On 4/14/25 6:48 AM, Thomas Petazzoni wrote:
Hello Christoph,
On Mon, 14 Apr 2025 04:24:21 -0700 Christoph Hellwig hch@infradead.org wrote:
On Mon, Apr 14, 2025 at 10:24:55AM +0200, Thomas Petazzoni wrote:
What this patch series is about is to add new user-space interface to extend the existing UIO subsystem.
Which as I explained to you is fundamentally broken and unsafe. If you need to do DMA from userspae you need to use vfio/iommufd.
I'm still unclear as to why it is more "broken and unsafe" than UIO already is. As I already replied in this thread: UIO allows to remap MMIO registers into a user-space application, which can then do whatever it wants with the IP block behind those MMIO registers. If this IP block supports DMA, it already means that _today_ with the current UIO subsystem as it is, the user-space application can program a DMA transfer to read/write to any location in memory.

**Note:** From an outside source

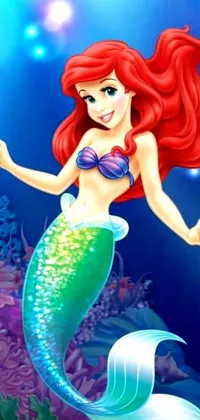 Experience the magic of Disney's Little Mermaid movie with this stunning Ariel Phone Live Wallpaper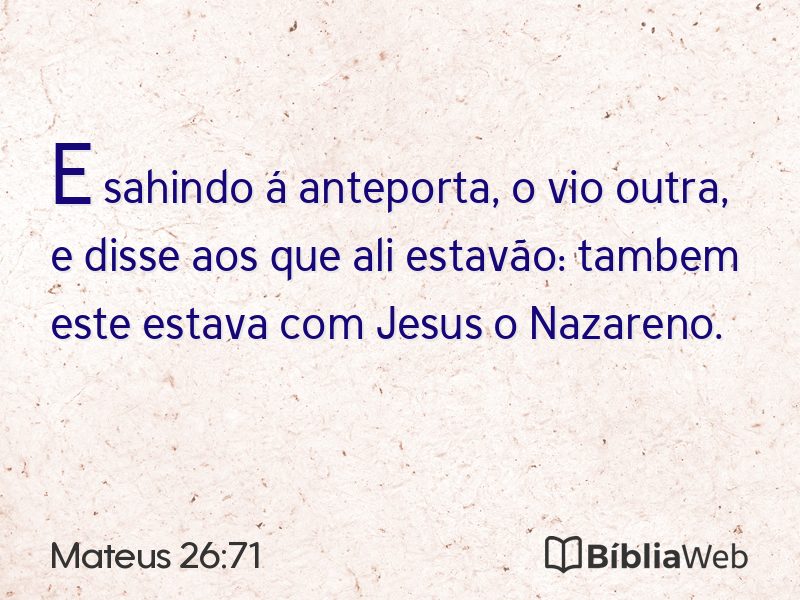 Mateus 26:71 em imagem para compartilhar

Therefore, providing a way to cleanly allocate DMA buffers and get their physical address will not make things any better or worse in terms of safety.
The fact that it is reasonably safe is solely based on access control to the UIO device, done using usual Unix permissions, and that is already the case today.
I am not sure how this can work in our use-case. We have a very simple set of IP blocks implemented in a FPGA, some of those IP blocks are able to perform DMA operations. The register of those IP blocks are mapped into a user-space application using the existing, accepted upstream, UIO subsystem. Some of those registers allow to program DMA transfers. So far, we can do all what we need, except program those DMA transfers. Lots of people are having the same issue, and zillions of ugly out-of-tree solutions flourish all over, and we're trying to see if we can constructively find a solution that would be acceptable upstream to resolve this use-case. Our platform is an old PowerPC with no IOMMU.
Then your driver design can't work and you need to replace it with a proper in-kernel driver.
See above: your point is moot because providing capabilities to allocate a buffer and get its physical address so that a UIO-based user-space application can do DMA transfer does not make things any more unsafe than they already are.
"UIO is a broken legacy mess, so let's add more broken things to it as broken + broken => still broken, so no harm done", am I getting that right?
If your FPGA IP can do DMA then you should not be using UIO in the first place, see UIO docs:
Please note that UIO is not an universal driver interface. Devices that are already handled well by other kernel subsystems (like networking or serial or USB) are no candidates for an UIO driver.
The DMA subsystem already handles DMA devices, so write a DMA driver.